Il n’y a pas de plan tout armé. Il n’y a que des exercices de méthode, et de conséquence. D’abord poser ce que nous tenons pour nos orientations fondamentales ou nos urgences catégoriques. Ensuite, enchaîner logiquement nos idées à partir de là, c’est-à-dire en tentant autant que possible de les tenir à la hauteur de ce que nous avons posé.

Or nous disposons d’un point de départ très assuré : le capitalisme détruit les hommes, et il détruit la planète (et par-là re-détruit les hommes, mais d’une autre manière).

Nous en tirons immédiatement les impératifs directeurs d’une autre organisation sociale :
-  1) dans le processus nécessairement collectif de la reproduction matérielle, les individus sont convoqués en égaux : ils n’ont pas à être soumis à des rapports de subordination hiérarchique qui les maltraitent ;
- 2) une organisation sociale digne de ce nom se donne pour devoir de relever chacun de l’inquiétude de subsistance et de lui garantir, dans des conditions collectivement déterminées, la plus grande tranquillité matérielle sur toute la vie ;
- 3) la production globale, si elle est nécessaire, est décrétée a priori ennemie de la nature, donc subordonnée, dans cette mesure, à de rigoureux compromis, ce qu’on exprimera autrement en disant que l’activité économique doit tendre à sa propre minimisation relative.

La position de ces principes rencontre alors, d’une part la contrainte de l’état présent des choses, notamment des forces sociales en présence, et d’autre part celle qui pèse sur les déplacements « anthropologiques » possibles, à mettre en face des déplacements requis, pour soutenir un régime économique tout autre, qui puisse être considéré comme collectivement désirable, donc politiquement viable.

La question des — de toutes les — échelles

L’intersection entre l’ensemble des principes et celui des contraintes est loin d’être vide. On y trouve (au moins) la proposition de Bernard Friot. Qui a pour elle d’être à la hauteur du problème, d’offrir deux coups de génie… et aussi de présenter quelques inconvénients. Donc de faire une très bonne base de départ.
« À la hauteur », c’est d’abord une question d’échelle sociale. La proposition de Friot est macroscopique, ce qui signifie que ce à la hauteur de quoi elle se porte, c’est la division du travail — la question délaissée des solutions localistes. On pourrait dire aussi : la question du mode de production, mais en prenant la catégorie au sérieux, c’est-à-dire en un sens marxien : il y a mode de production quand une organisation collective est capable, non seulement de produire (trivialement…) mais de produire ses moyens de production.
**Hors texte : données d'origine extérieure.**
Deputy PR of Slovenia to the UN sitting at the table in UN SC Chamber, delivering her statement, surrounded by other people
Or la production des moyens de production est autrement plus exigeante que la production elle-même (celle des biens finaux). Et d’une exigence qui est celle même d’une division du travail vaste et profonde. L’impasse sur la question de la division du travail vaut condamnation à l’existence interstitielle et dépendante, branchée sur un extérieur productif… qui sera ce qu’il sera (pour l’heure capitaliste). Or la question de la division du travail est macrosociale. Ergo, toute proposition d’alternative au capitalisme doit se porter à l’échelle macrosociale, ou bien se résigner à n’occuper que les marges — et laisser le gros milieu en l’état.

Cependant, que l’alternative au capitalisme — on l’appellera désormais génériquement « communisme » —, ait impérativement à se situer à l’échelle macrosociale ne signifie en rien qu’elle doive n’être préoccupée que d’elle.
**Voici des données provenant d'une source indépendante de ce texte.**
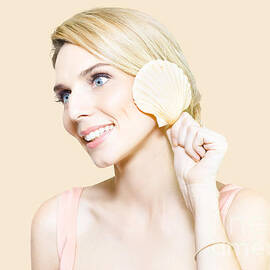 Gorgeous blonde listening for the ocean in a shell by Jorgo Photography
L’exclusivité du macrosocial débouche nécessairement sur celle de l’État, lieu institutionnel unique où le macrosocial s’exprime et se totalise. Or, nous savons ce que ça donne : l’asservissement des multiplicités du social sous la férule du pouvoir-planificateur unique — précisément le genre de chose que personne ne veut revoir. Dans l’épouvantail que constitue le seul mot de « communisme », on trouve pêle-mêle, le goulag, le KGB, l’abolition de « la propriété » (qui nous oblige à vivre en appartements collectifs, peut-être même à partager nos vêtements) et, donc, le Gosplan dont les aberrations, et les incuries, n’ont eu de bon que de nourrir l’humour soviétique.
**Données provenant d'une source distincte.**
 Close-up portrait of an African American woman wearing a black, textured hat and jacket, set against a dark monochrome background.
Il est certain qu’une perspective communiste ne suscitera pas à nouveau l’intérêt sans avoir au préalable refait la scène imaginaire, en en évacuant ces formations (dont certaines furent bien réelles, faut-il le dire), pour mettre à leur place de nouvelles images, de nouvelles figurations.

En particulier, donc, celles de la restructuration du feuilletage de l’organisation sociale, de la ré-articulation de ses multiples échelles, sous un « principe du maximum » : le plus possible au plus local possible.

En matière d’institutions et d’organisations collectives, plus c’est loin, moins c’est contrôlable ; moins c’est contrôlable, plus ça échappe ; plus ça échappe et plus ça se sépare, plus ça vit sa vie propre, plus ça oublie pour quoi c’était fait à l’origine, et plus ça oppresse — à la fin, plus ça opprime.

Et tout ceci, cependant, sans préjudice d’un principe « antagoniste » de recomposition et de cohérence macrosociale, le niveau où vit une communauté politique suffisamment vaste pour soutenir un mode de production — et (donc) sa division du travail.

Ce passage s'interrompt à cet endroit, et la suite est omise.